Accordingly, the court considers Dyer's financial status as one, nondispositive element. " However, even in those rare circumstances where the non-prevailing party's financial circumstances are considered in determining the amount of costs to be awarded, a court may not decline to award any costs at all." Chapman v. AI Transport, 229 F.3d 1012, 1039 (11th Cir. 2000) (citing Durrett v. Jenkins Brickyard, Inc., 678 F.2d 911, 917 (11th Cir. 1982) (" we hold that in no case may the district court refuse altogether to award attorney's fees to a prevailing Title VII defendant because of the plaintiff's financial condition," because " [a] fee must be assessed which will serve the deterrent purpose of the statute, and no fee will provide no deterrence" )). See 10 James W. Moore, Moore's Federal Practice, § 54.101[b], at 54-157 (3d ed. 2013) (" Most circuits hold that a substantiated claim of the losing party's indigency may justify a r eduction... of costs" ). (emphasis added).
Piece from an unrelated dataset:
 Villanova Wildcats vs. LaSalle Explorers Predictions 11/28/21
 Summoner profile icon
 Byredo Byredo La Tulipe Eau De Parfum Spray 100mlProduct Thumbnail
The court finds that the Clerk of the Court properly assessed the costs of the action against the plaintiff. As in Treaster, the properly assessed costs will not be reduced merely because of the plaintiff's claimed financial status. The plaintiff presented no evidence of continuing indigency; her affidavit itself (Dkt. 174) shows
only that she is not currently employed. See Sklyarsky v. ABM Janitorial Services-North Central, 494 F.App'x 619 (7th Cir. 2012) (costs should be imposed unless party claiming indigence " shows that it is incapable of paying court-imposed costs at the time of judgment or in the future" ) (emphasis in Sklyarsky ). Even had she make such a showing, the court finds costs would be properly imposed. The amount awarded in costs is not excessive, and is indeed relatively modest for modern civil litigation. The issues were not close or difficult, and the plaintiff did not succeed on any of her claims. Finally, the court did not simply dismiss the plaintiff's claims of unlawful termination as unfounded, it determined that the uncontroverted facts establish that the plaintiff was properly terminated for surreptitiously manipulating and circumventing school policy. Under these circumstances, costs of $4267.10 were properly imposed on plaintiff.
IT IS ACCORDINGLY ORDERED this 29th day of October, 2014, that the Plaintiff's Motion to Review Costs (Dkt. 173) is hereby denied.